For example, here's a simple table:


Santa Claus North Pole sleigh
Donald Trump New York limousine
Ahab Massachusetts whaling ship

It would be tagged like this:

<table>
<row>
<cell>Santa Claus</cell>
<cell>North Pole</cell>
<cell>sleigh</cell>
</row>
<row>
<cell>Donald Trump</cell>
<cell>New York</cell>
<cell>limousine</cell>
</row>
<row>
<cell>Ahab</cell>
<cell>Massachusetts</cell>
<cell>whaling ship</cell>
</row>
</table>

There is no TEI equivalent to HTML's attribute colspan. This means that empty <cell>s will need to be inserted in order to ensure that each <row> has the same number of <cell>s.

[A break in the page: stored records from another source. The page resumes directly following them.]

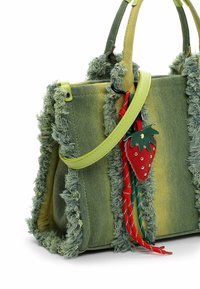 Zielona torba z denimu z teksturowanym frędzlem, kontrastującymi gładkimi uchwytami w limonkowym kolorze oraz czerwonym akcentem w postaci truskawki z ozdobnymi paskami.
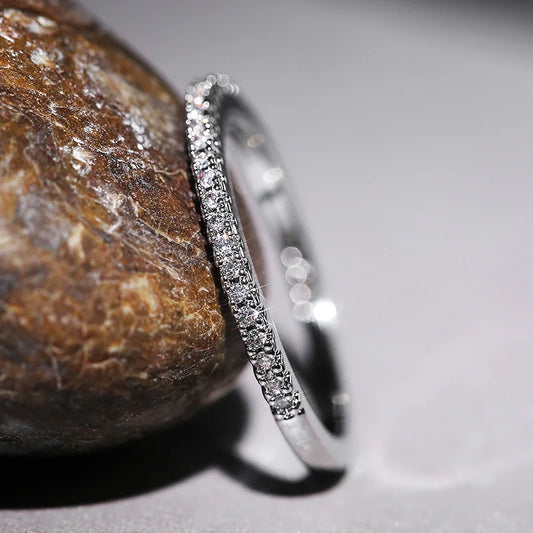 Huitan Sparkle Thin Ring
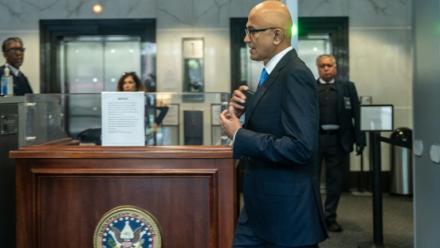 Le patron de Microsoft, Satya Nadella, au palais de justice fédéral à Oakland, en Californie, le 11 mai 2026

Just make sure that they are added consistently such that an empty <cell> in one <row> corresponds in position to empty <cell>s in every <row>. If, for instance, you have a table like the one above, with three items (i.e., <cell>s) in each row (i.e., <row>), but the first <row> has one <cell> with an attribute colspan='3', then you will enter two empty <cell>s after it:

<table>
<row>
<cell>Transportation Preferences</cell>
<cell></cell>
<cell></cell>
</row>
<row>
<cell>Santa Claus</cell>
<cell>North Pole</cell>
<cell>sleigh</cell>
</row>
<row>
<cell>Donald Trump</cell>
<cell>New York</cell>
<cell>limousine</cell>
</row>
<row>
<cell>Ahab</cell>
<cell>Massachusetts</cell>
<cell>whaling ship</cell>
</row>
</table>

LINKING: Each <head> should be assigned an n attribute equal to the page number of the page on which it occurs. In other words, the <head> and the <pb/> that precedes it (even if there is interceding text between them) should have matching values on their respective n attributes. It is possible to have multiple <head>s on one page, so in that case more than one <head> will have the same n attribute value. Here's an example:

<pb n='36'/>
<p>.... the principal valley on too high or too low a level,--a
circumstance which would be infinitely improbable if
each of these vallies were not the work of the stream
that flows in it.”</p>
<div2 type='subsection'>
<head n="36">BIBLIOGRAPHY</head>
<div3 type='subsubsection'>
<head n="36">I. ORIGINAL WORKS.</head>

ILLEGIBLE TEXT: If part of the text is illegible and cannot be deciphered, enter a <gap/>, and enter "illegible" in its reason attribute.




Finishing Up

When you are finished with the encoding, proofread carefully against the original journal issue. Parse the document and correct any errors that are reported. Save the document, and use the CVS system to send it to the server.